- Supreme Court of the United States

Argued March 30, 2026 Decided June 11, 2026
- Full case name: Abouammo v. United States
- Docket no.: 25–5146
- Argument: Oral argument

Questions presented
- Whether venue is proper in a district where no offense conduct took place, so long as the statute's intent element "contemplates" effects that could occur there.

Holding
- A person charged with violating §1519 must be tried in the district where the falsification occurred; they cannot be tried in a different district where the investigation was located because no "conduct constituting the offense" happened there.

Court membership
- Chief Justice John Roberts Associate Justices Clarence Thomas · Samuel Alito Sonia Sotomayor · Elena Kagan Neil Gorsuch · Brett Kavanaugh Amy Coney Barrett · Ketanji Brown Jackson

Case opinion
- Majority: Kagan, joined by unanimous

= Abouammo v. United States =

Abouammo v. United States is a United States Supreme Court case regarding whether it is proper for proceedings to be in a court that is not where conduct took place if effects of conduct take place where the court is. The Supreme Court held that it is not the correct venue, striking down the prosecution as unconstitutional.

== Background ==
Article III of the United States Constitution requires that "Trial of all Crimes, except in Cases of Impeachment, shall be by Jury; and such Trial shall be held in the State where the said Crimes shall have been committed; but when not committed within any State, the Trial shall be at such Place or Places as the Congress may by Law have directed." The Sixth Amendment also says "In all criminal prosecutions, the accused shall enjoy the right to a speedy and public trial, by an impartial jury of the State and district wherein the crime shall have been committed, which district shall have been previously ascertained by law...."

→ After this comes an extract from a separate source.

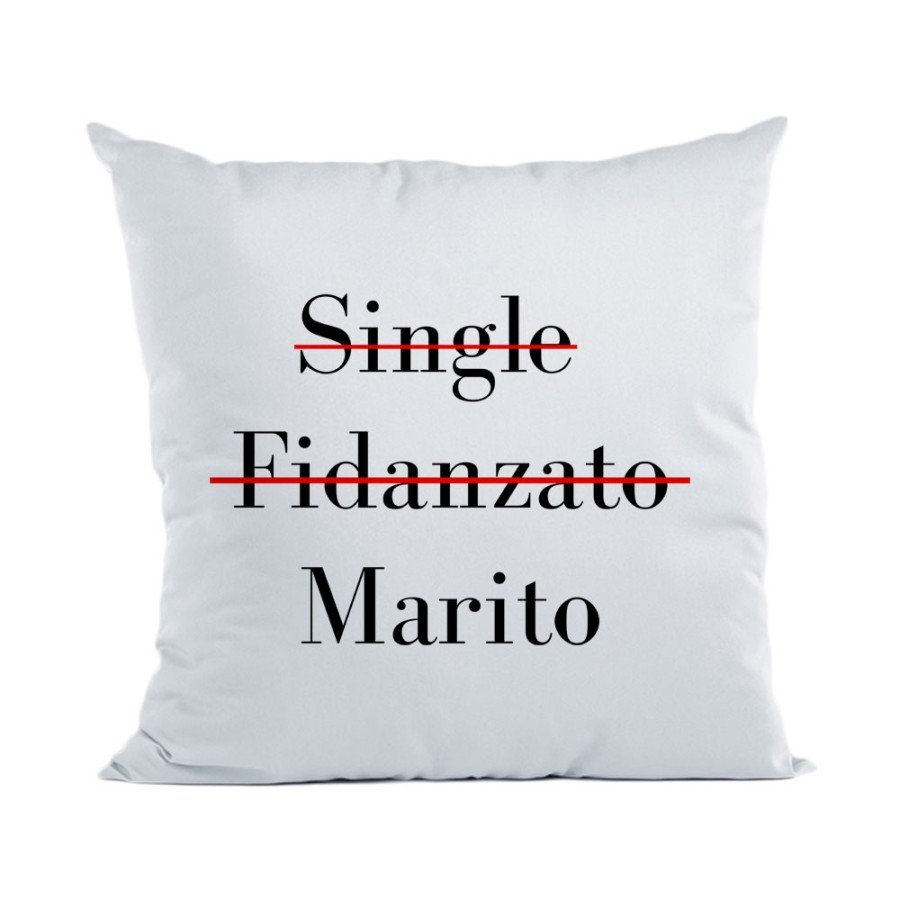 Cuscino personalizzabile con nome single fidanzato marito Love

Abouammo, who resided in Seattle, allegedly provided information as part of the Saudi infiltration of Twitter and was convicted in the Northern District of California District Court in San Francisco "of acting as a foreign agent without notice to the Attorney General, conspiracy, wire fraud, international money laundering and falsification of records."

Abouammo challenged the venue, which the Ninth Circuit Court of Appeals rejected. The court ruled that because Abouammo sent falsified documents to FBI agents in San Francisco, the venue of San Francisco was proper, saying "venue can be proper in either the district where the wrongful conduct was initiated—where the false record was created—or the district of the expressly contemplated effect—where the investigation it was intended to stymie is ongoing or contemplated."

== Supreme Court ==
The Supreme Court agreed to hear the case on December 5, 2025. The question to be decided was: "Whether venue is proper in a district where no offense conduct took place, so long as the statute's intent element 'contemplates' effects that could occur there." The case was set for oral arguments on March 30, 2026.

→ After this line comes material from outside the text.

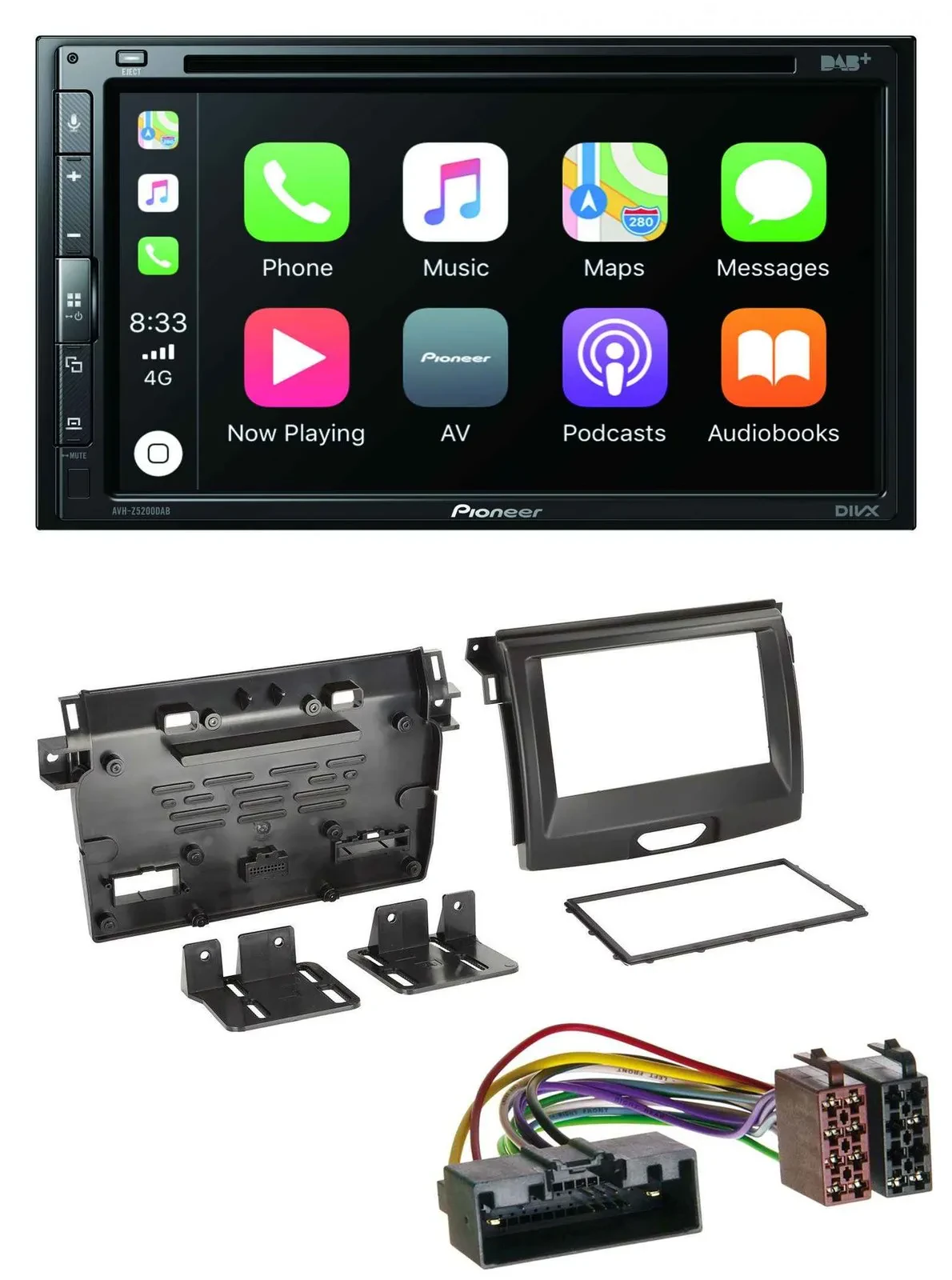 Автомагнитола для Ford Ranger Pioneer 2-DIN DVD, DAB, Bluetooth, USB (2AB, с 04/2015)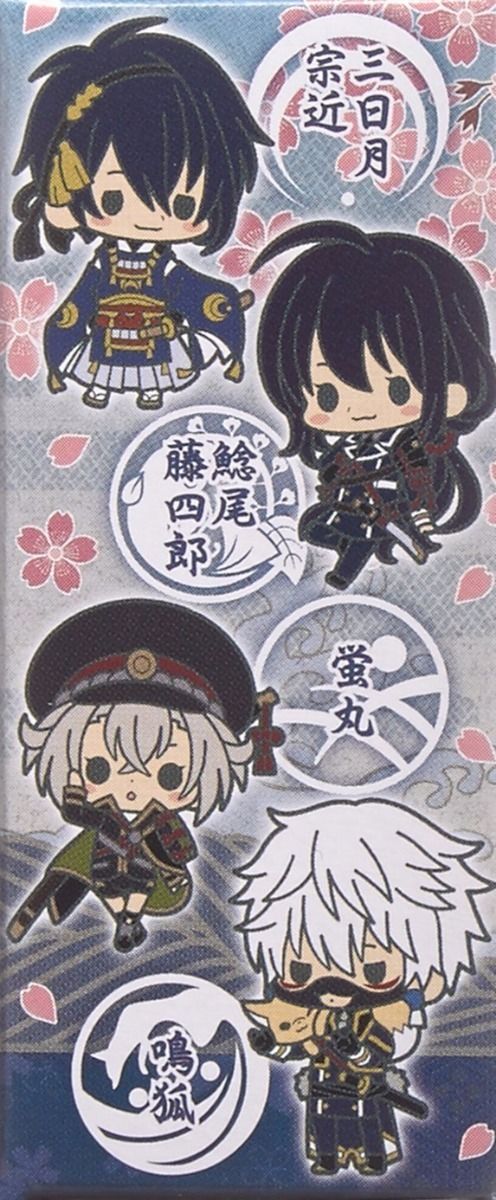 Kotobukiya Touken Ranbu 1st Squad Rubber Strap Collection 8 Pcs Box Set- Japan Figure Store - #1 Bring To You The Best Japanese Goods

On June 11, 2026, the Supreme Court held unanimously that the venue in California was improper, citing the Constitutional protections for a defendant's venue in Article Three of the United States Constitution and the Sixth Amendment to the United States Constitution. Justice Elena Kagan delivered the unanimous opinion of the Court, ruling that "a defendant charged with violating §1519 must be tried in the district where the falsification occurred; he cannot be tried in a different district where the investigation was located because no 'conduct constituting the offense' happened there."

As a result, the Court reversed the Ninth Circuit's ruling and remanded the case for further proceedings consistent with the holding.